Captioned web images
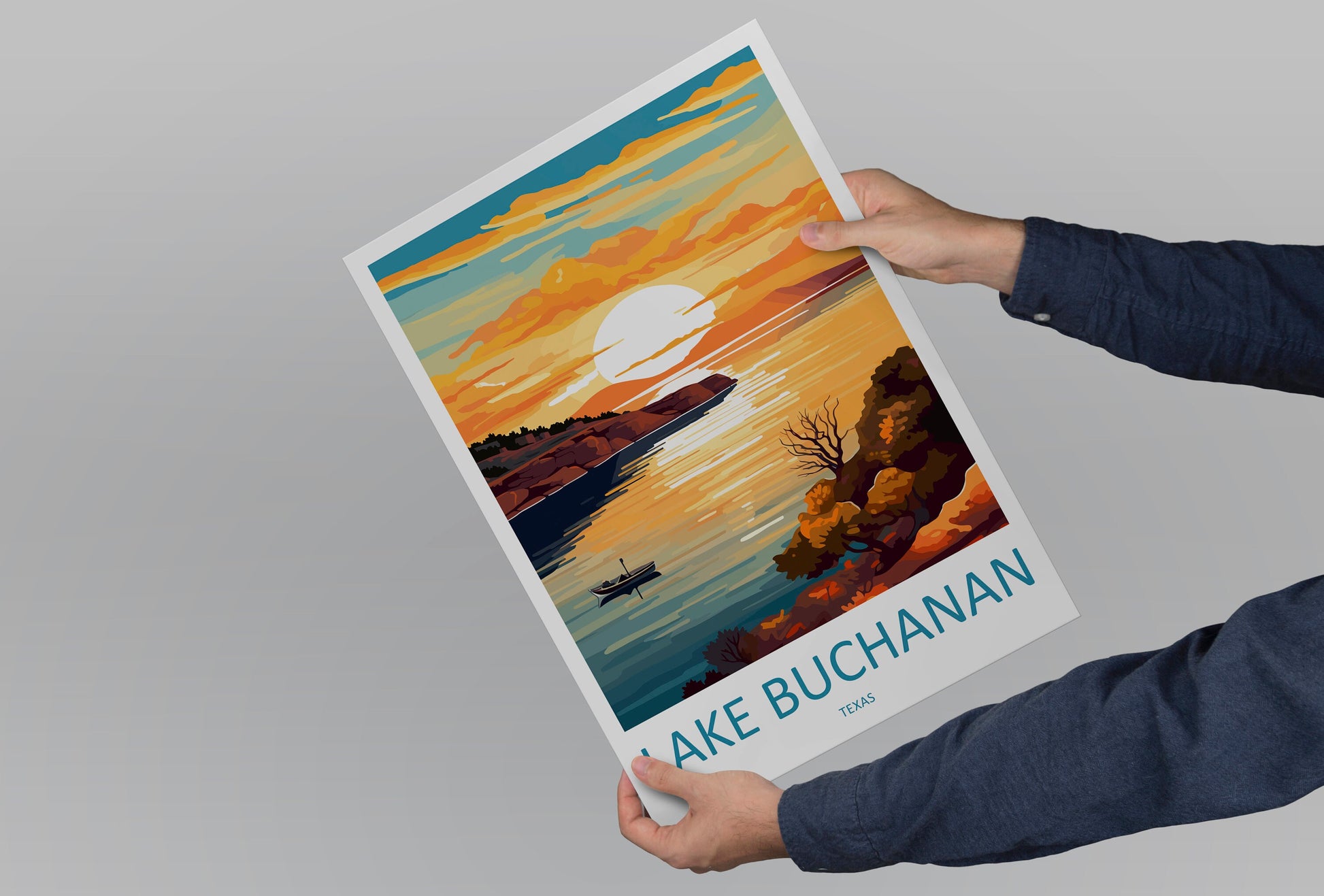 Lake Buchanan Travel Print Wall Art Lake Buchanan Wall Hanging Home Décor Lake Buchanan Gift Art Lovers Texas Art Lover Gift Texas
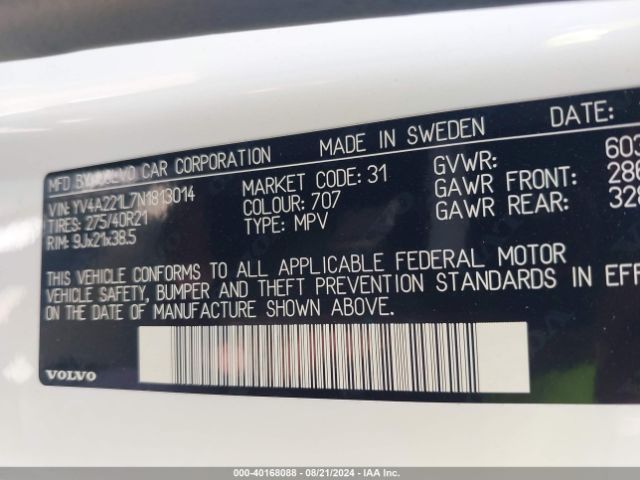 YV4A221L7N1813014 Volvo Xc90 T6 Inscription 6 Passenger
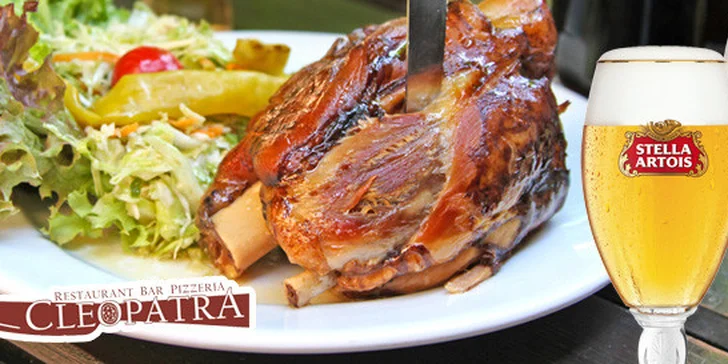 1,5 kg pečeného kolena + 2 piva Stella Artois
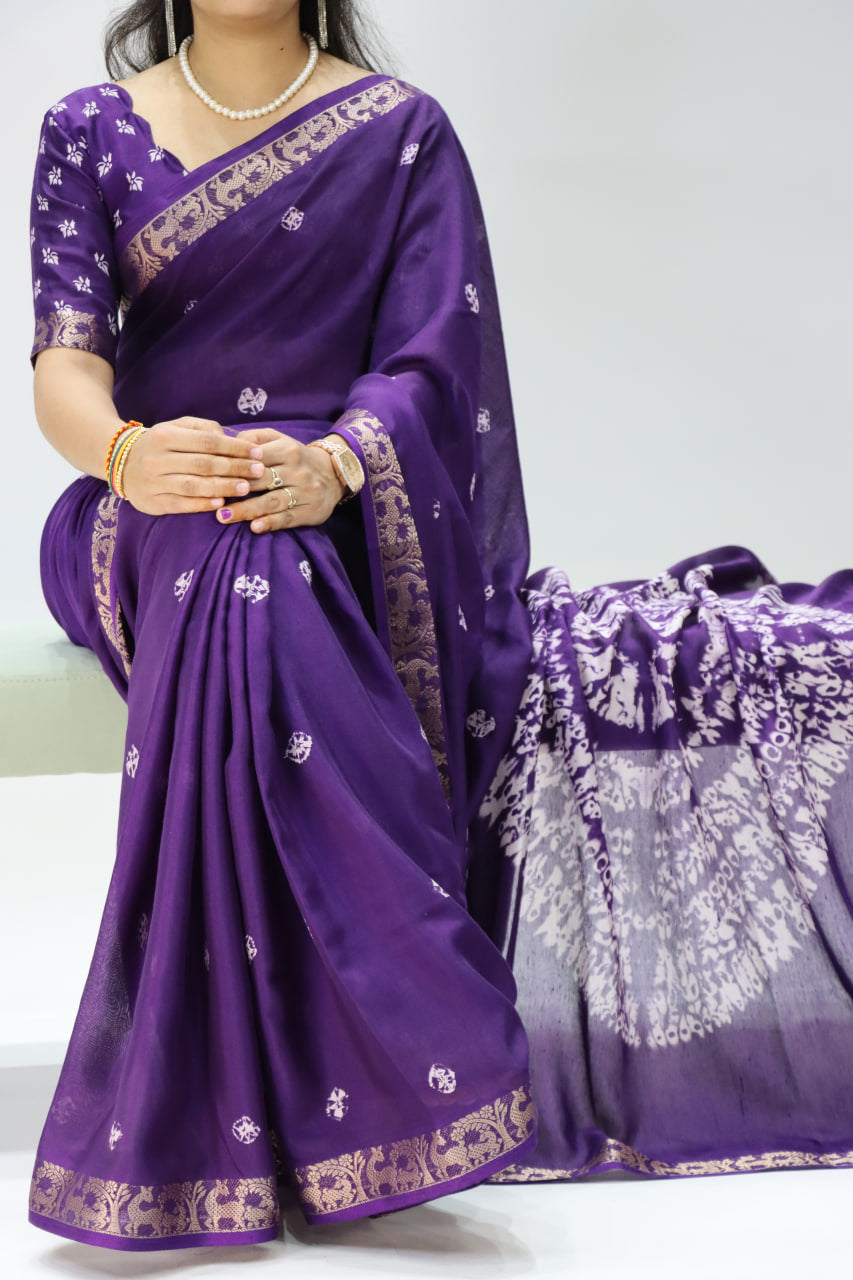 Beautiful Soft Mull Silk Shibori printed Saree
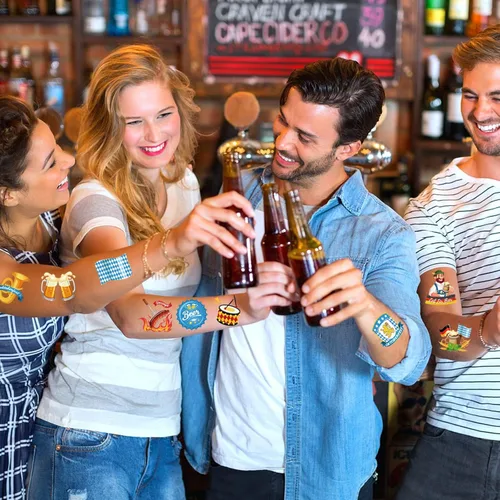 Miniatura 7 de HOWAF Tatuajes temporales para el Oktoberfest, 72 tatuajes falsos para niños, calcomanías impermeables para suministros de festivales de cerveza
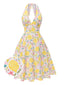 [Prévente] Robe jaune à col en V et motif fleurs des années 1950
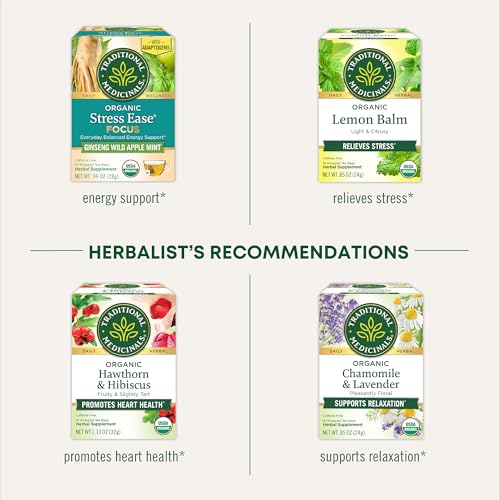 Traditional Medicinals Organic Rosy Mood Tea with Damiana & Butterfly Pea Flower - 16 Tea Bags (Pack of 2)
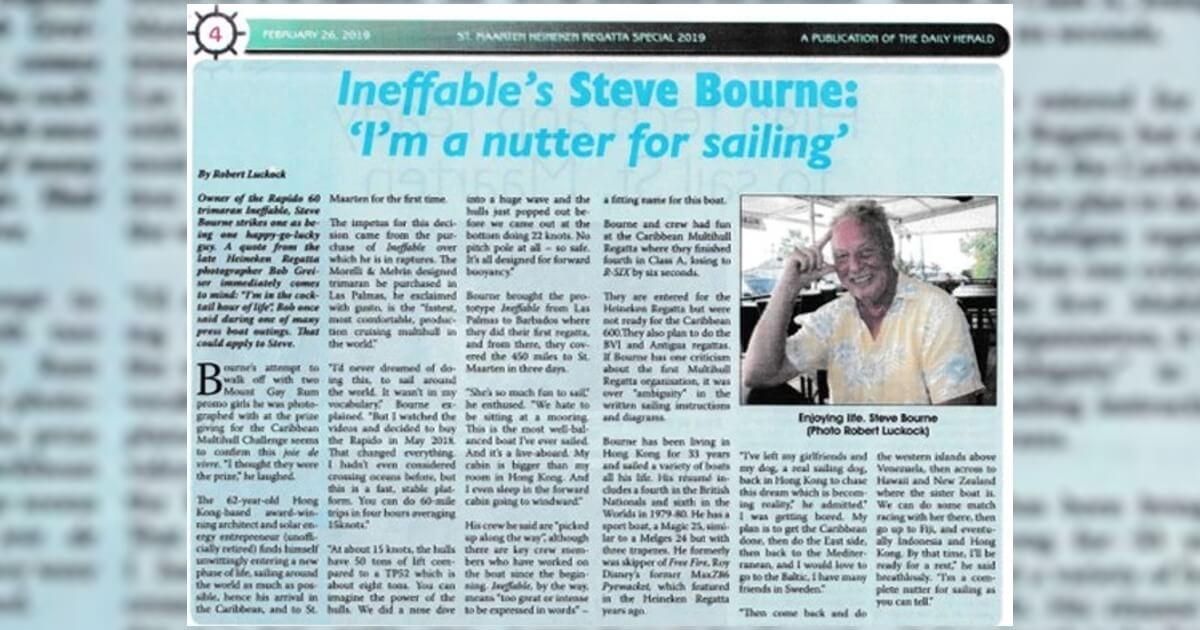 Rapido 60 Owner Steve Bourne: “I’m a Nutter for Sailing”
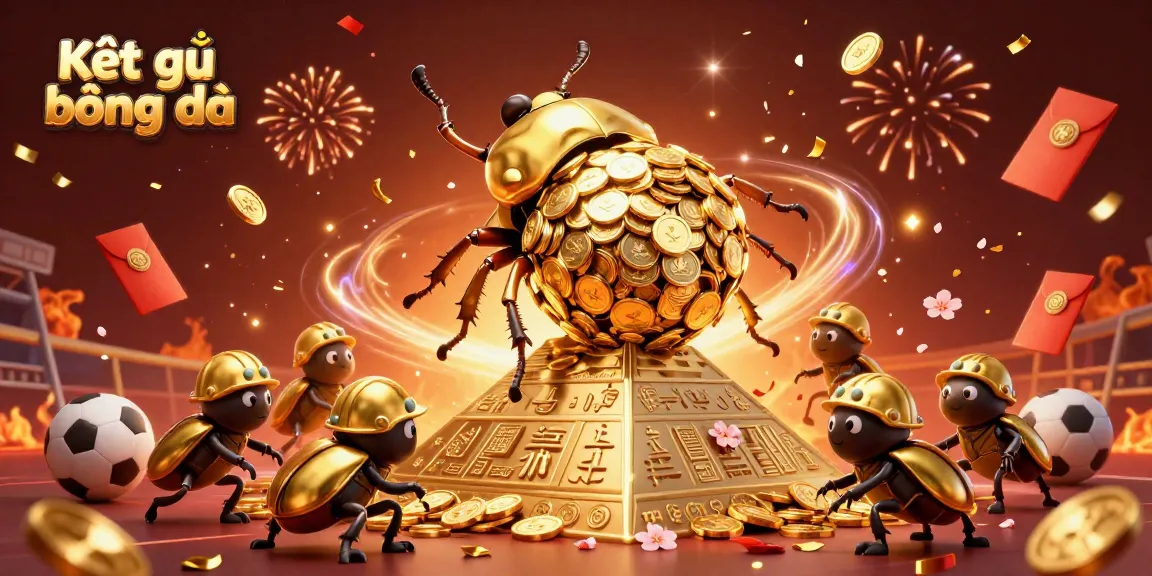 Experience Kết quả bóng đá as a golden beetle rolls coins, capturing exciting betting moments.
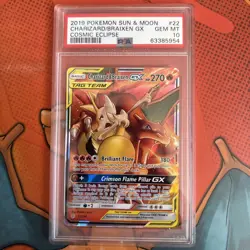 Pokemon Charizard & Braixen GX 22/236 Sm-Cosmic Eclipse Ultra Rare Holo PSA 10 - Image 1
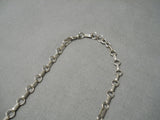 Intricate! Vintage Zuni Native American Turquoise Inlay Sterling Silver Necklace-Nativo Arts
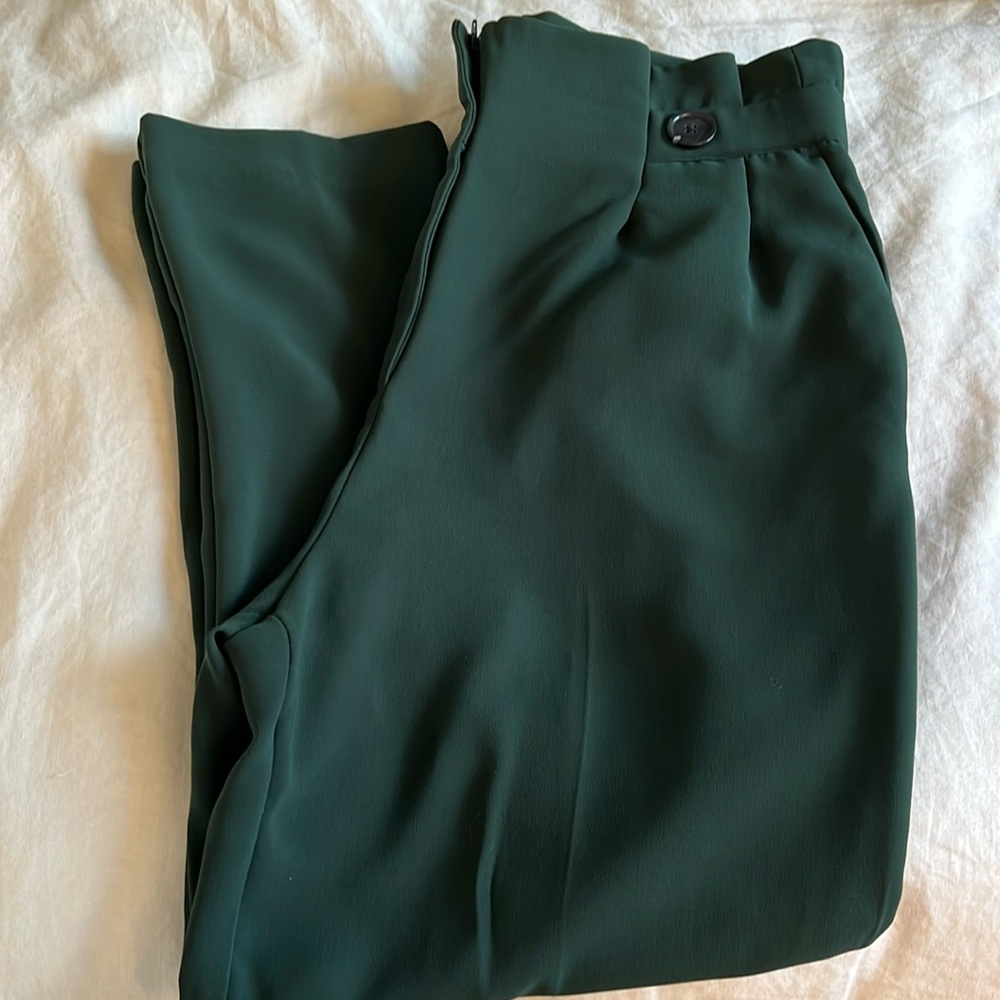H&M Forest Green Paperbag Trouser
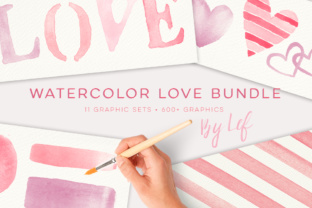 Download Watercolor Love and Hearts Bundle of Clip Art Graphics&nbsp; - Water Collection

**Task description:** Once the pictures are set aside, give every line above again without alteration.

**Answer below:**
 Lake Buchanan Travel Print Wall Art Lake Buchanan Wall Hanging Home Décor Lake Buchanan Gift Art Lovers Texas Art Lover Gift Texas
 YV4A221L7N1813014 Volvo Xc90 T6 Inscription 6 Passenger
 1,5 kg pečeného kolena + 2 piva Stella Artois
 Beautiful Soft Mull Silk Shibori printed Saree
 Miniatura 7 de HOWAF Tatuajes temporales para el Oktoberfest, 72 tatuajes falsos para niños, calcomanías impermeables para suministros de festivales de cerveza
 [Prévente] Robe jaune à col en V et motif fleurs des années 1950
 Traditional Medicinals Organic Rosy Mood Tea with Damiana & Butterfly Pea Flower - 16 Tea Bags (Pack of 2)
 Rapido 60 Owner Steve Bourne: “I’m a Nutter for Sailing”
 Experience Kết quả bóng đá as a golden beetle rolls coins, capturing exciting betting moments.
 Pokemon Charizard & Braixen GX 22/236 Sm-Cosmic Eclipse Ultra Rare Holo PSA 10 - Image 1
 Intricate! Vintage Zuni Native American Turquoise Inlay Sterling Silver Necklace-Nativo Arts
H&M Forest Green Paperbag Trouser
 Download Watercolor Love and Hearts Bundle of Clip Art Graphics&nbsp; - Water Collection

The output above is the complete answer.